Rettungsdienst soll staatliche Aufgabe bleiben

Mainz · Privatunternehmen dürfen in Rheinland-Pfalz keine Kranken transportieren. Der Rettungsdienst obliegt Hilfsorganisationen wie DRK, Maltesern oder Johannitern. Während die EU eine Änderung plant, will Innenminister Roger Lewentz unbedingt an dem bewährten System festhalten.

Mainz. Die in Luxemburg ansässige Firma Medic Ambulance und deren Chef Thorsten Anker könnten vielleicht bald eine späte Genugtuung erfahren. Vor zwei Jahren hat Anker vor dem Verwaltungsgericht Trier gegen den Kreis Trier-Saarburg geklagt, weil dieser ihm untersagt hatte, mit seinen Krankenwagen Patienten ins Krankenhaus zu fahren. Anker wurde vom Gericht mit der Begründung abgewiesen, er habe für die Transporte keine Zulassung in Rheinland-Pfalz.
In diesen Tagen dürften Anker und andere Privatanbieter gespannt nach Brüssel blicken. Am 24. Januar berät dort der Ausschuss für Binnenmarkt und Verbraucherschutz des EU-Parlaments über einen Richtlinienentwurf der EU-Kommission. Dieser sieht unter anderem vor, das neue EU-Vergaberecht auch auf den Rettungsdienst anzuwenden. Das würde bedeuten, dass künftig europaweit ausgeschrieben werden müsste - und Privatanbieter den Zuschlag erhalten könnten.

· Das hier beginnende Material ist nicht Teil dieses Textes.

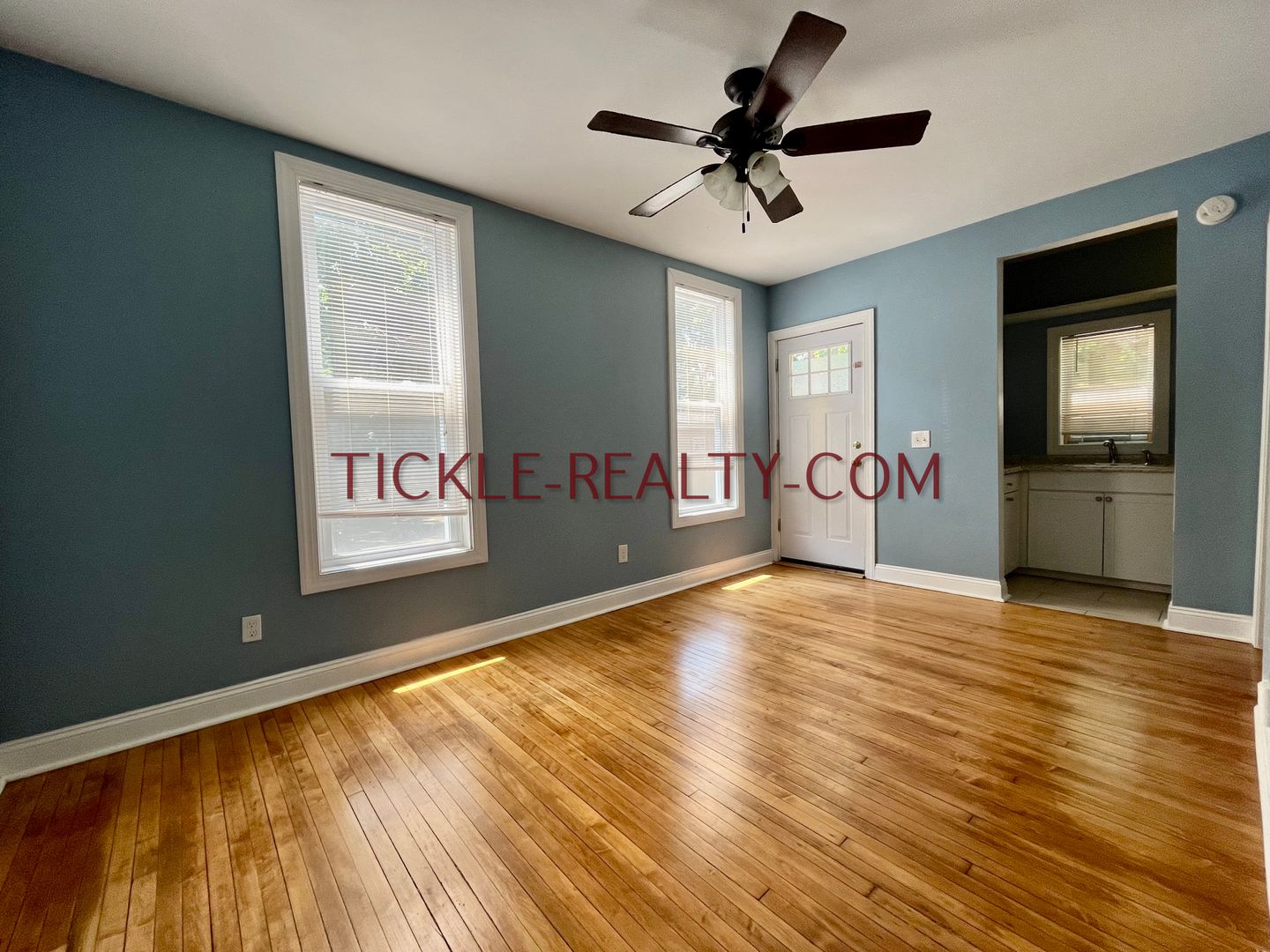 Rochester Apartment: 301 Meigs Street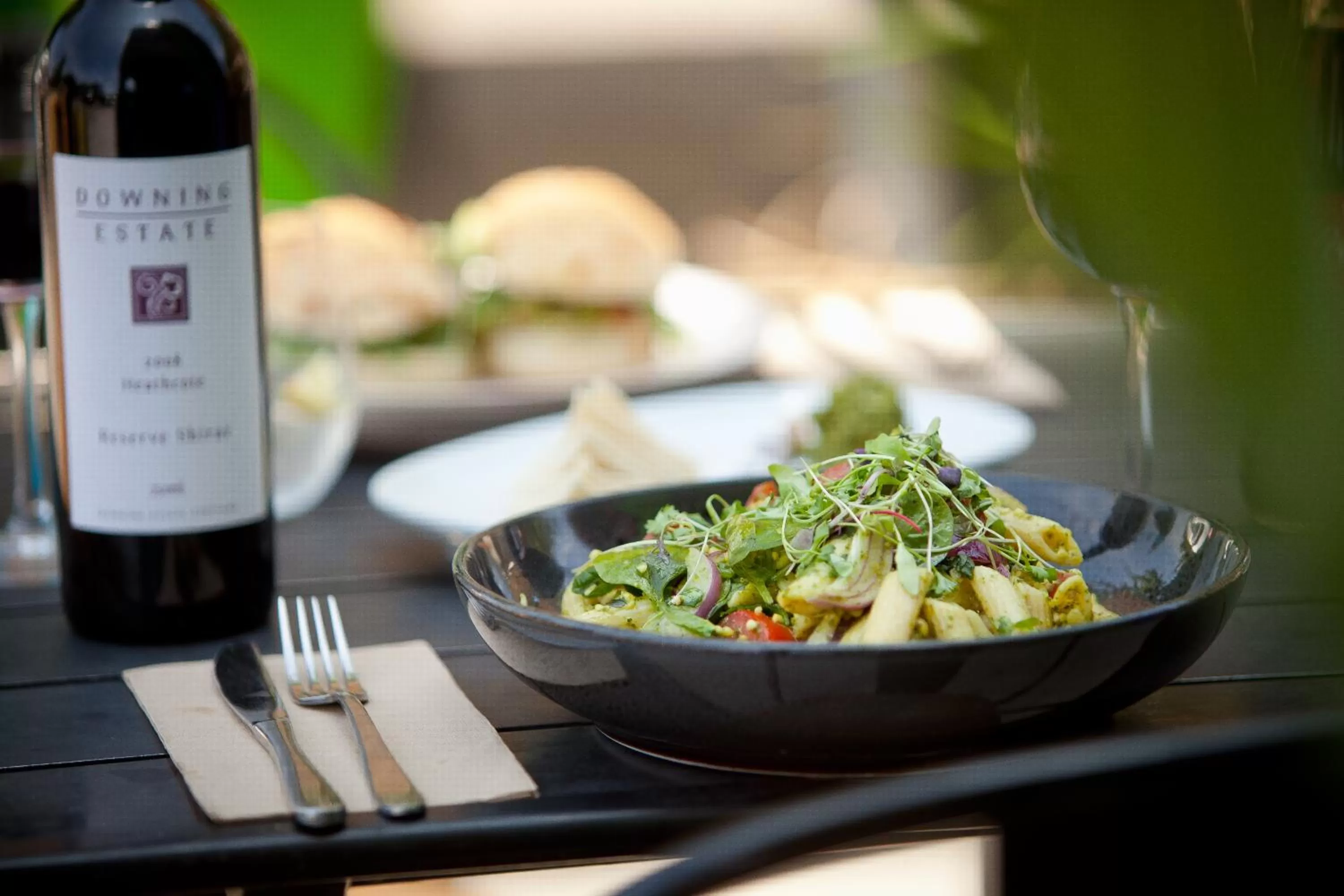 Food and drinks in Mercure Bendigo Schaller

DRK-Präsident Rainer Kaul hielte das für eine Katastrophe. "Für private Anbieter rechnet sich das in Mainz, Ludwigshafen oder Kaiserslautern. Wir sind aber ein Flächenland, der Bürger will auch Rettungswagen im Eifelkreis Bitburg-Prüm sehen", sagt er. Private könnten günstigere Preise nur anbieten, weil sie anders als die Hilfsorganisationen ihre Mitarbeiter nicht nach Tarif bezahlten, sondern teilweise unter der Mindestlohngrenze blieben, warnt Günther Lohre, Landesvorstand der Johanniter. Das Bestreben der EU kann Malteser-Präsident Constantin von Brandenstein-Zeppelin durchaus nachvollziehen. Andere Länder hätten mit der Organisation des Rettungsdienstes oder des Katastrophenschutzes große Probleme. Portugal habe etwa nur 5000 Feuerwehrleute, Rheinland-Pfalz alleine 55 000 Freiwillige. "Deutschland ist in einer beneidenswerten Lage. Bei uns wären nicht wie in Griechenland die Wälder abgebrannt", sagt von Brandenstein-Zeppelin.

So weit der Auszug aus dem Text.